Episode one of the newly released Hulu limited series Pam & Tommy immediately transports us right back to the analog, decadent glory days of the 90s. This — as it should go without saying, because it’s right there in the title — is a story about an infamous celebrity couple. But it’s also about their leaked sex tape, the reality TV era, celebrity culture, fame, sex, and sexism. And for this first chapter of the story, titled “Drilling and Pounding,” we begin in a dimly lit room.
An episode of Jay Leno’s late-night show is playing on an old-school TV set — at a specific point of the episode, in which he’s shown making one crude bit of innuendo after another in that smarmy, nasal-y, high-pitched monotone of his. He’s cracking wise, to be exact, about the aforementioned leaked sex tape, the co-star of which is the blonde bombshell in the low-cut black dress sitting across from him, tendrils of her golden hair delicately framing her face. Only … wait, my bad.
That’s actually Lily James-as-Pam Anderson. But you really can’t really tell until the camera zooms in closer to the scene on the TV. Suffice it to say: This Hulu series went all-out on the visuals.
Pam & Tommy
James and Sebastian Stan — who plays Anderson’s wild-eyed, tatted-up husband and Motley Crue drummer Tommy Lee in this 8-episode series — look uncannily like their real-life counterparts who got married a mere four days after meeting each other.

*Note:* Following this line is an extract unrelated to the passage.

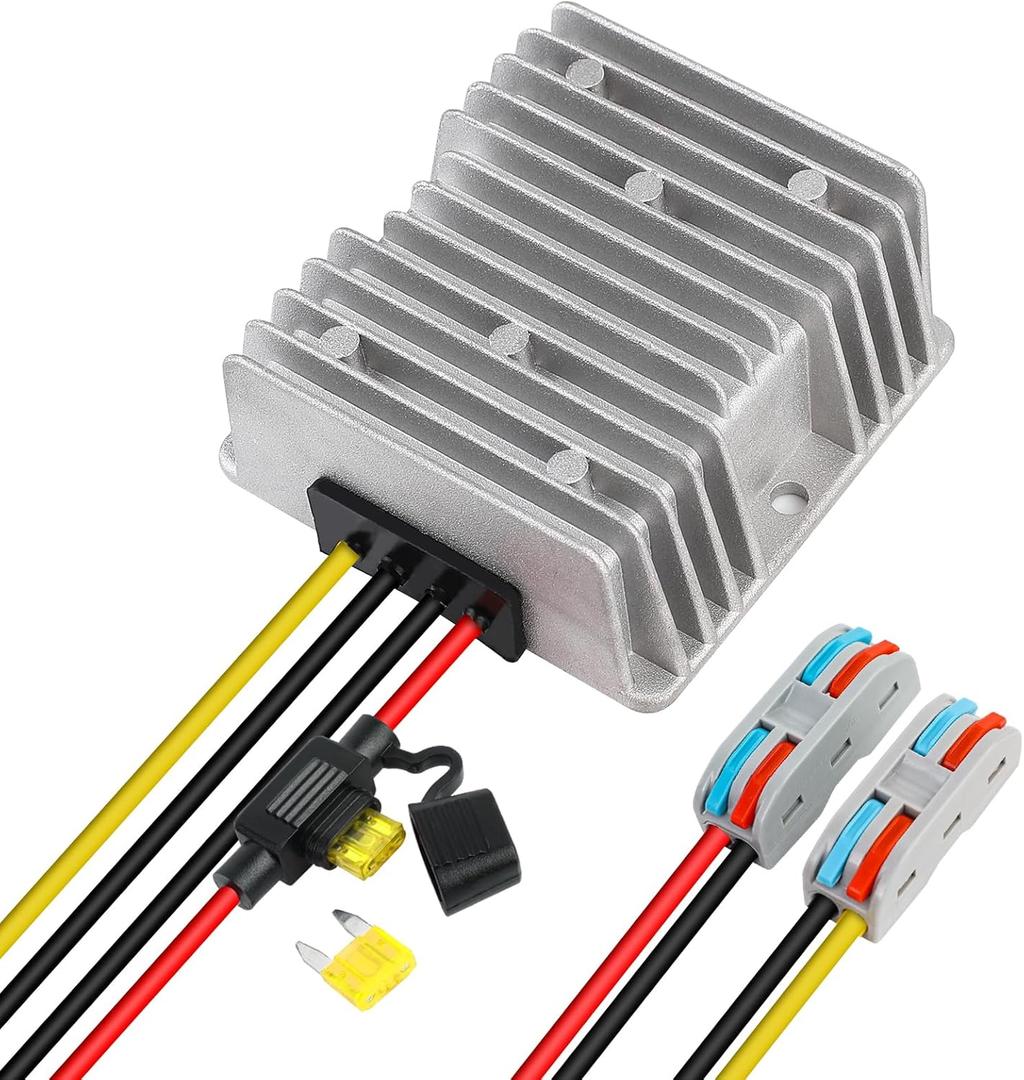 20A 240W DC 18V 20V 24V 36V 48V to 12V Voltage Converter with Fuse Step Down Regulator Buck Reducer Power Converter Waterproof Transformer for Golf Cart(Inputs 18V-60V to 12V 20A)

That said, this buzzy new series, which debuted Wednesday to strong early reviews, is less concerned with appearance than with the events surrounding the wildest aspect of this pair’s utterly wild marriage. It’s clear, right away, where things are headed, when we meet a sad-sack carpenter with a semi-mullet (played by Seth Rogen). He’s downstairs in Pam & Tommy’s Malibu mansion, drilling and pounding away as part of some work he’s been hired to do (ha! — you thought the title of this episode was a reference to something else).
Okay, fine. Rogen’s carpenter is doing all that work while — yes, some of the latter is audible upstairs above him. And all of it, against Fatboy Slim’s “Praise You” playing in the background.
Quick spoiler alert about this first episode: James, the dead ringer for Anderson, has maybe five or so minutes of screen time. And it quickly becomes apparent why.
“I was blind, now I can see — you made a believer out of me”
The fact that so much narrative attention is spent early on Rogen’s carpenter — who Tommy summarily fires after ranting about how much everything is costing — turns out to be an inspired choice.
The series doesn’t try to score cheap points to lure you in. We all know what this is about. How we get there is thanks to the down-on-his-luck loser played by Rogen, a self-professed student of religions who believes in karma and wets his pants when he’s scared. He decides to break back into the couple’s mansion post-firing. Angry about how he was treated, he somehow manages to wheel a safe off the property. Without getting caught.
He congratulates himself.
Karma has prevailed.
And then … he opens the safe. He doesn’t realize what he has in his possession, not at first. But he can see that he’s struck the mother lode. He dumps out a stash of guns, cash, and expensive watches. Relishing the moment, while the soundtrack blares Primal Scream’s Movin’ on Up.
Sitting on the couch, smoking a cigarette, he seems to embody every sentiment in that Primal Scream track. Blind, but now he can see … movin’ on up. Things are right again. And then, as he relaxes on the couch, we see his ratty sock-covered foot bump up against it, on the floor.
“The greatest love story ever sold”
Its contents are initially unclear. Because the tape itself is an unmarked Hi8 video cassette.
Rogen’s character takes it to his friend, a skeezy porn director played by Nick Offerman. They both pop it into a player. Do you know what this is? No? Ok, let’s see what you’ve got here. Fast forward … fast forward … hey, that’s Pamela Anderson … fast forward some more.
And right as they have their oh my God moment, the credits roll.
This series is actually based on a 2014 Rolling Stone article about the whole saga. One that helps put this new show into its proper context — because it’s about a lot more than a sex tape. This series is really about the hyper-connected, voyeuristic world of the Very Online that we’ve all inherited, for better or worse. What the Pam & Tommy sex tape taught us, writer Amanda Chicago Lewis wrote for Rolling Stone, “is that an unassuming individual could acquire a piece of content, offer it up to the Internet and watch it ricochet around the planet.”
And that, “Before Kim Kardashian, before TMZ, before RedTube, before the Fappening, there was Pam and Tommy.”